Selon un Arrêt de rejet de la Cour de cassation rendu le 25/09/2013, pour se prévaloir des dispositions du Code du travail relatives à la représentativité dans l'entreprise des organisations syndicales catégorielles, l'affiliation à une organisation syndicale catégorielle représentative au niveau national est nécessaire.

Analyse de la décision de jurisprudence

N'est pas représentatif qui veut dans l'entreprise ou l'établissement !

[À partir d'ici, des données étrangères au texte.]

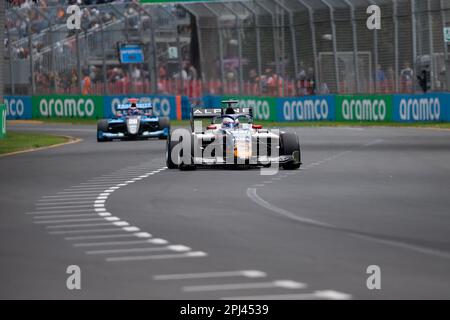 Melbourne, Australie, 31 mars 2023. Sophia Florsch (29) en voiture pour Charouz Racing Systemf3 pendant les qualifications de Formule 3 au Grand Prix de Formule 1 australien sur 31 mars 2023, au circuit du Grand Prix de Melbourne à Albert Park, en Australie. Crédit : Dave Helison/Speed Media/Alamy Live News Banque D'Images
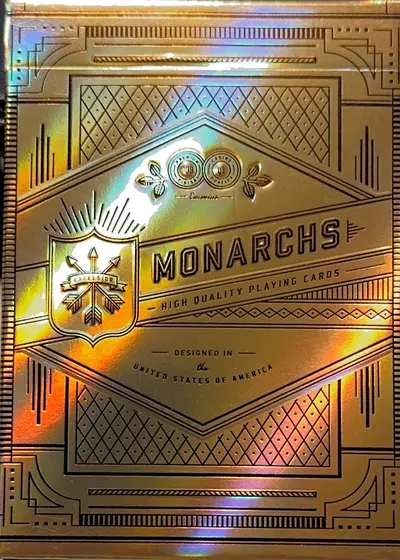 Monarchs Gold Edition tuck box, front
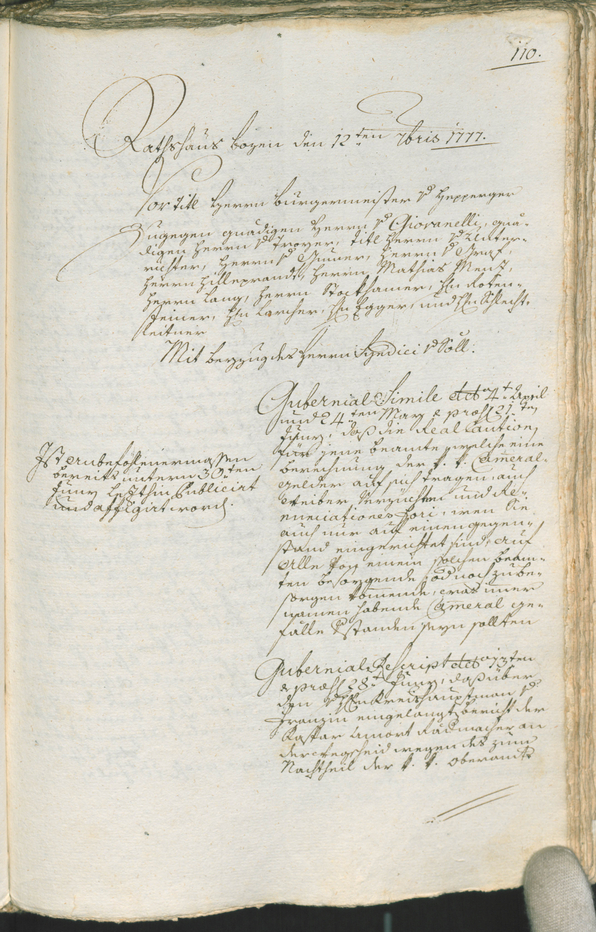 Civic Archives of Bozen-Bolzano - BOhisto Ratsprotokoll 1777/80 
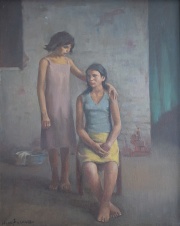 Fernandez Navarro. Las Amigas. leo de 50 x 40 cm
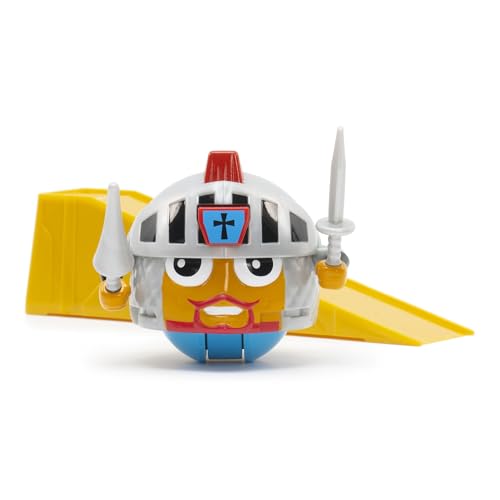 Battle Ballz: Training Pack - Solar - Weapon Wielding Toy Knight, Rolling Colorful Ball Character, Training Ramp, Blow Your Lid Button, Kids 5+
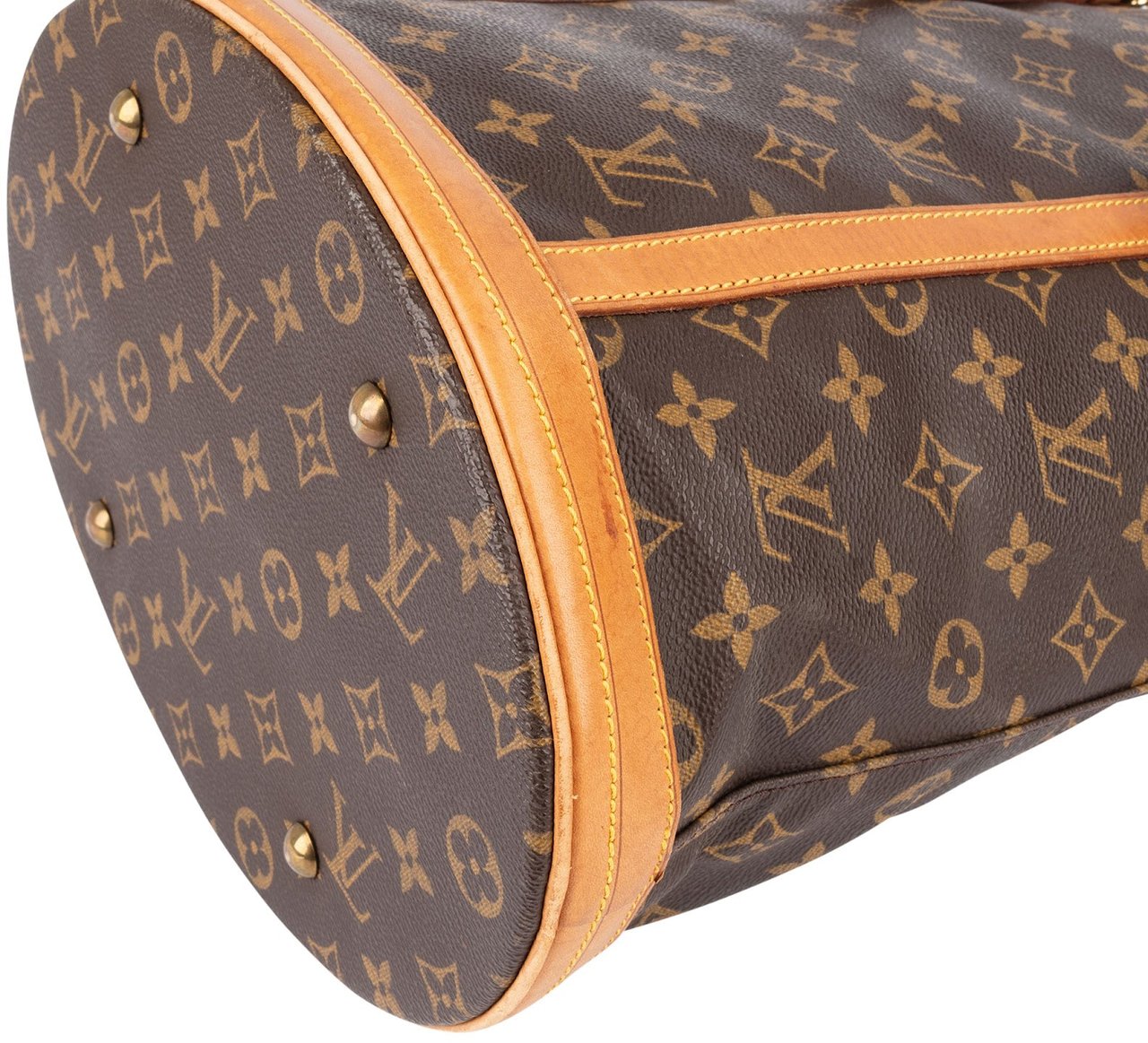 Louis Vuitton Monogram Canvas Bucket GM Shoulder Bag Bruin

Depuis l'entrée en vigueur de la loi du 20 août 2008, les règles relatives à l'acquisition de la représentativité au sein de l'entreprise pour les organisations syndicales ont été profondément modifiées. L'acquisition de la représentativité est en effet subordonnée à certains critères cumulatifs, et à l'obtention d'un certain score aux élections professionnelles. De plus, lorsqu'il s'agit d'une organisation syndicale catégorielle, les règles sont encore plus précises. Ainsi, selon l'article L2122-2 du Code du travail, l'acquisition de la représentativité pour ces organisations est subordonnée à l'affiliation à une confédération syndicale catégorielle interprofessionnelle au niveau national.

En l'espèce, suite à la signature d'un protocole d'accord préélectoral (PAP), un litige survient entre les organisations syndicales parties. En effet, la fédération Protection sociale travail emploi CFDT demande l'annulation du PAP, au motif que, selon elle, il n'avait pas été signé par les organisations syndicales ayant recueilli la majorité des suffrages exprimés lors des dernières élections professionnelles ; l'un des signataires, le syndicat autonome des praticiens conseils du régime général d'assurance maladie (SAPC), se définissant comme une organisation syndicale catégorielle, considérait en effet que sa représentativité dans l'entreprise devait s'apprécier en fonction des suffrages obtenus dans le collège des praticiens conseils ; étant considéré par certaines organisations syndicales comme représentatif, sa prise en compte dans le calcul de la majorité aurait du être effective.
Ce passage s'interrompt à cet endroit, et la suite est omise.